Osteochondritis Dissecans (OCD)

What is osteochondritis dissecans?

Osteochondritis dissecans (OCD) is an abnormality in the development of bone from cartilage. As a result, within joints such as the shoulder, elbow, knee, and hock (ankle), a flap of cartilage can develop causing lameness. The shoulder and elbow are more commonly affected. The development of OCD is secondary to multiple factors, including diet, growth rate, genetics, trauma, hormonal imbalance, and joint architecture.

As genetics play an important role in the development of OCD, any patient diagnosed with this condition should not be bred. In addition, parents, siblings, or previous offspring of an affected patient should not be bred.

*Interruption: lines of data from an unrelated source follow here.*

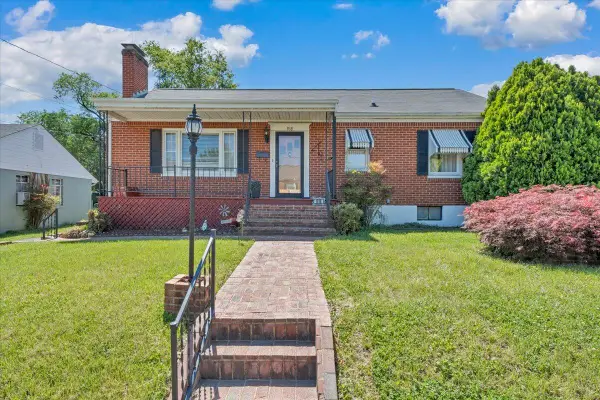 918 Whitney Ave Nw, Roanoke, VA 24012
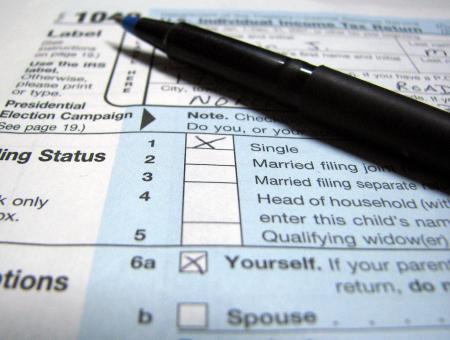 Closeup of a 1040 tax form and a pen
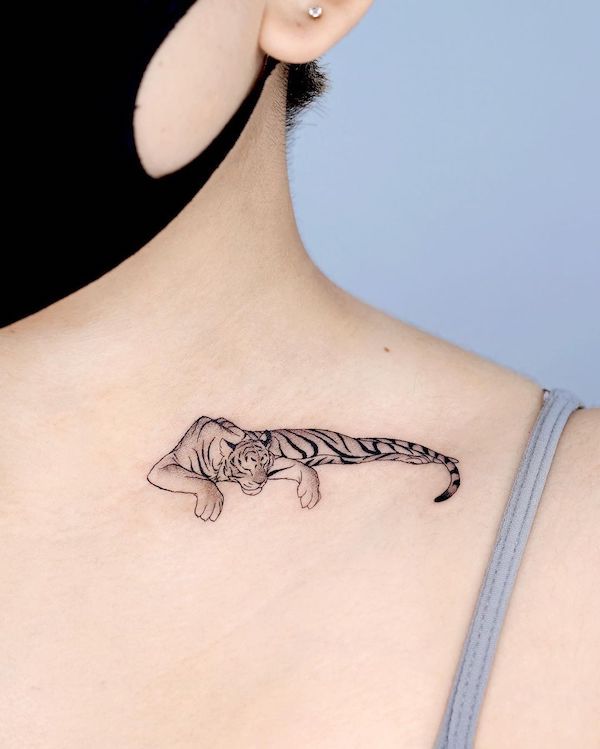 minimalist small tiger tattoo 0021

Which pets are most commonly affected?

Osteochondritis dissecans (OCD) frequently occurs more in large and giant breeds. Most commonly affected breeds include Labrador Retrievers, Golden Retrievers, and Newfoundlands, as well as Bernese Mountain Dogs, Chow Chows, German Shepherds, Mastiffs, Old English Sheepdogs, Rottweilers, and Standard Poodles.

In cases such as OCD of the shoulder, male dogs are more commonly affected than female dogs.

How is it diagnosed?

Most dogs will start showing clinical signs as young as 4 to 7 months of age. Most are recognized to have a lameness that becomes worse with heavy exercise and after prolonged rest. In some cases, no obvious affected leg can be determined, as osteochondritis dissecans is in both limbs.

X-Rays are often diagnostic, but in more difficult cases other tests, including arthrography (X- Rays with contrast within the joint), CT scan, or MRI, may be used.

What is the treatment and prognosis?

Surgery or arthroscopy will often be the treatment of choice for osteochondritis dissecans. Factors that may affect this decision include the joint affected, the degree of secondary arthritis, or if a flap of cartilage is not present. The goal of surgery is to retrieve the flap of unhealthy cartilage and prepare the area where the flap developed to allow a scar-type cartilage (fibrocartilage) to develop.

In the shoulder: Surgery or arthroscopy is the treatment of choice. Seventy five percent of patients will show no signs of lameness after surgery, 23 percent show mild lameness, and 2 percent show persistent lameness.

In the stifle (knee): Surgery is indicated if a large fragment is recognized. Chances for complete resolution of lameness are small.

In the tarsus (ankle): Most dogs will show mild improvement in lameness immediately following surgery but will continue to show some gait abnormalities once they have returned back to normal activity levels.

What is the post-operative care?

Following surgery, patients should be restricted to leash confinement for a minimum of four weeks. Over the next four weeks, controlled activity may be gradually increased. Pain management with non-steroidal anti-inflammatory drugs will usually continue for the first four to seven days after surgery. Long-term management, whether surgery was performed or not, includes weight restriction, controlled exercise, and pain management as needed.